The U.S. Defense Department recently began testing a laser that might someday be affixed to drones to knock incoming missiles out of the sky.
Marine Corps Gen. Joseph Dunford, nominated by the Obama administration to replace Army Gen. Martin Dempsey as chairman of the Joint Chiefs of Staff, said he agrees with Navy Adm. William Gortney, head of U.S. Northern Command, on the need for the military to develop ways to thwart ballistic missiles earlier in flight, possibly with lasers.
“Current capabilities are limited to denial in the mid-course and beyond phases; we need to look for solutions across the entire ballistic missile kill chain,” Dunford said in written remarks submitted as part of his confirmation hearing last week before the Senate Armed Services Committee. “The science shows a ballistic missile is comparatively easy to detect and track while boosting.”
He added, “Further, countermeasures on a missile, such as decoys designed to distract defensive systems, are not typically deployed until after the booster burns out.
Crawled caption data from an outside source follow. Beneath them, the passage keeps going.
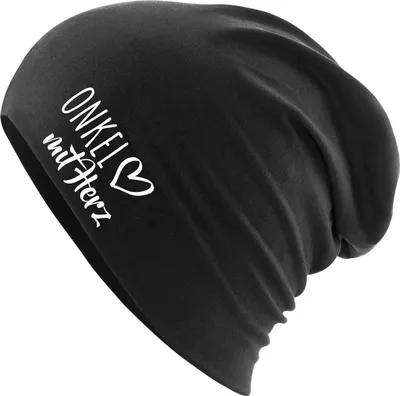 Produktbild von Huuraa Beanie Onkel mit Herz Black One Size Baumwolle und Elasthan Mütze Geschenkidee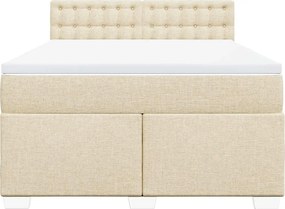 vidaXL Κρεβάτι Boxspring με Στρώμα Κρεμ 140x190 εκ. Υφασμάτινο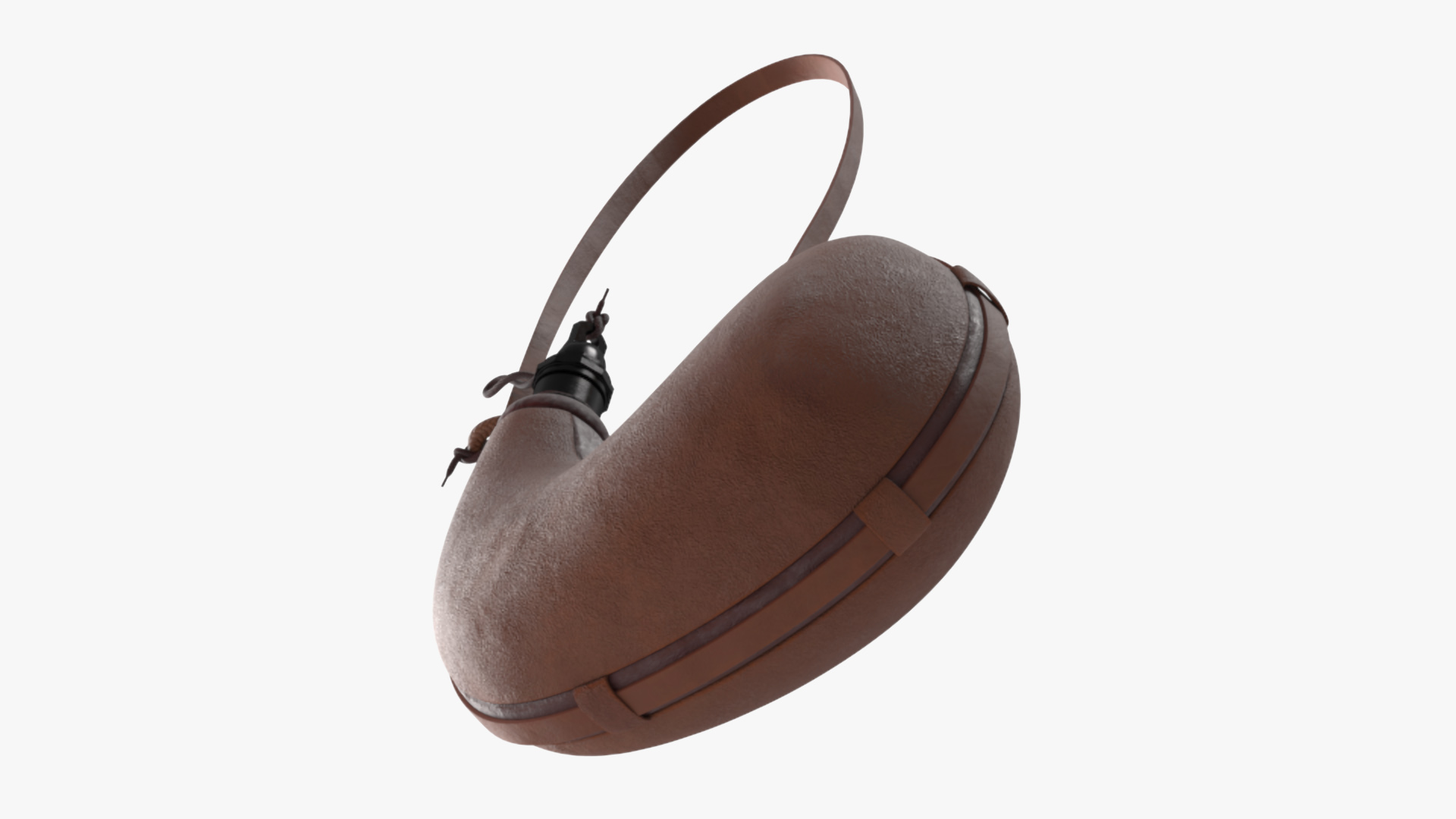 Hanging Curved Wineskin Brown 3D model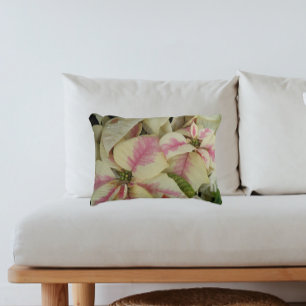 Coussins Décoratifs Poinsettias florales en marbre rose et crème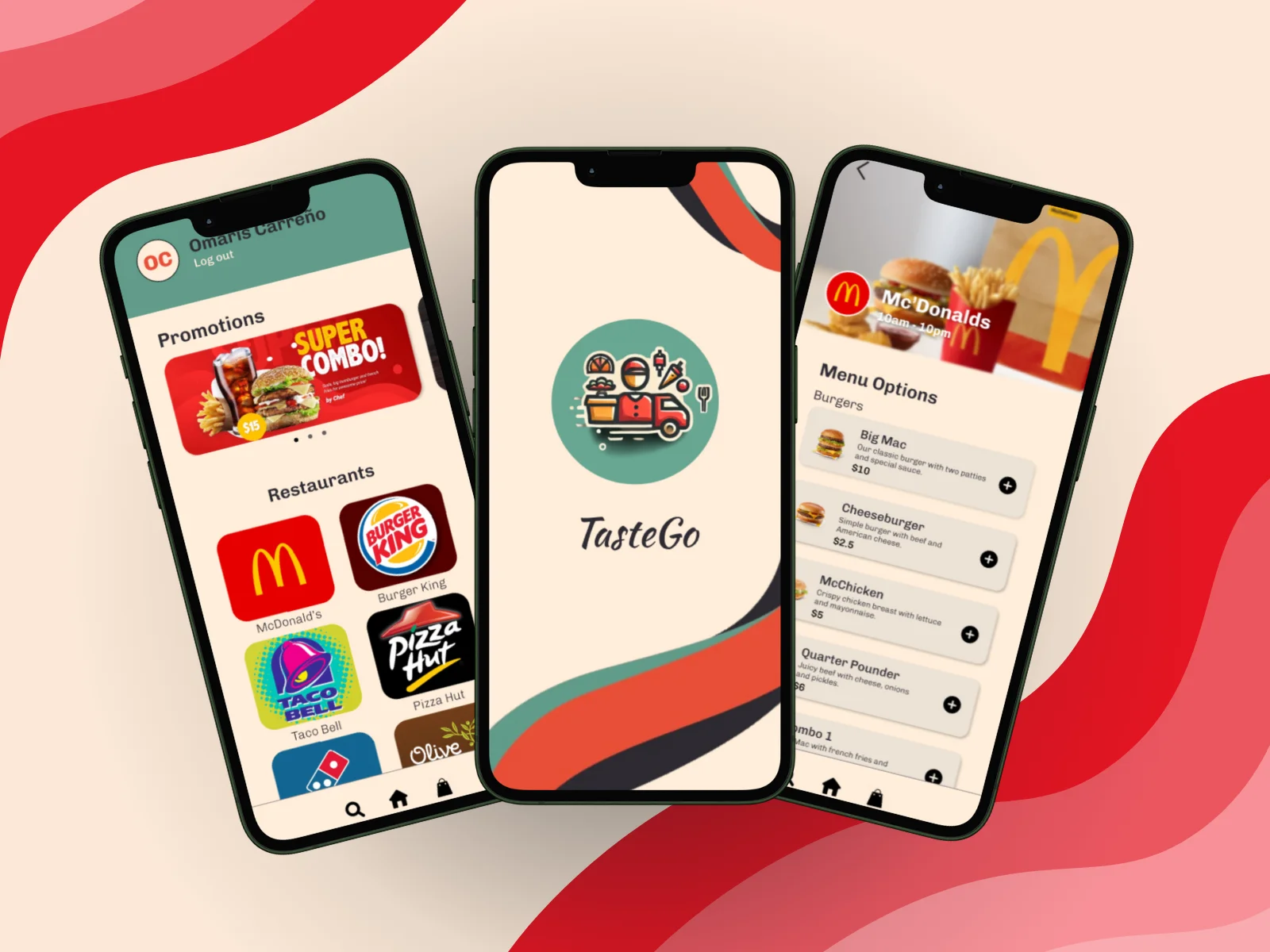 Three phone screens showing a design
As such, boost-phase intercept is an attractive missile defense alternative.”
Dunford said he would support more funding to develop a boost-phase airborne laser weapon system for missile defense in the next decade, “but only if operationally, technically and economically practical. The current budget supports pursuit of a laser demonstrator. A laser potentially would be capable of acquiring, tracking, and eventually destroying an enemy missile at a much lower cost than existing systems.”
Indeed, the Air Force and the Defense Advanced Research Projects Agency have already begun testing a version of the technology for eventual deployment on airborne platforms.
The service and the Pentagon’s research arm this summer began ground testing a 150-kilowatt-class electric laser built by General Atomics against rockets, mortars, vehicles and surrogate surface-to-air missiles at White Sands Missile Range in New Mexico. The project, known as the Demonstrator Laser Weapon System, or DLWS, is based on Darpa’s High Energy Liquid Laser Area Defense System, or Hellads.
“That’s a pretty powerful laser,” David Hardy, head of directed energy at the Air Force Research Lab, said in a recent interview. “It’s exact power is classified.”
The point of the work over the next decade is to show the laser can be integrated as a weapon system on aircraft in the fleet, from drones such as the MQ-9 Reaper to bombers such as the B-1B Lancer.
Indeed, by 2021, the service expects to fire laser weapons from larger platforms such as C-17 cargo planes — until miniaturization efforts can configure the weapon to fire from smaller aircraft such as F-15, F-16 or F-35 fighter jets, Mica Endsley, the Air Force’s former top scientist, has said.
“A laser is basically a thermal weapon,” Hardy said. “Its great advantage is all the power gets applied to a very small spot. You basically drill holes through material … If I want to defeat a missile, if I drill a hole through the side of it, get to its electronics, the missile is defeated. But there are lots of targets for which we want to be able to do that.”
The technology is attractive from a military standpoint because it has the potential for virtually unlimited magazines, he said.
“You’re converting jet fuel into electricity, electricity into laser power, laser power into defeating the target,” Hardy said. “So as long as I have fuel, I can keep firing the laser. So its magazine is as deep as I have fuel to keep running it and when I’m done, I can go put more fuel on it and the same laser weapon is there and I can use it again.”
The Air Force is taking a different approach with DLWS than it did with a previous acquisition program called the Airborne Laser. The megawatt-class chemical oxygen iodine laser was installed and successfully tested in a Boeing 747-400 Freighter, but the system took up the entire aircraft and the acquisition effort was canceled in 2009 amid questions about its cost and feasibility.
“It was overly ambitious,” Hardy said. “I think what the Air Force and other services understand now is we can get truly remarkable things out of lasers in the long-term, but let’s not try to jump to the hardest long-term problem first. Let’s work our way up. Let’s have more sensible approaches.”
The Navy has already had some success by taking a similar tack. The service last year fired a 30-kilowatt solid-state laser aboard the USS Ponce amphibious ship in the Persian Gulf, marking the first-ever deployment of a sea-based directed energy weapon.
“Electric lasers are an emerging technology,” Hardy said. “It’s not clear that spending a whole lot of more money will let you go a whole lot faster.”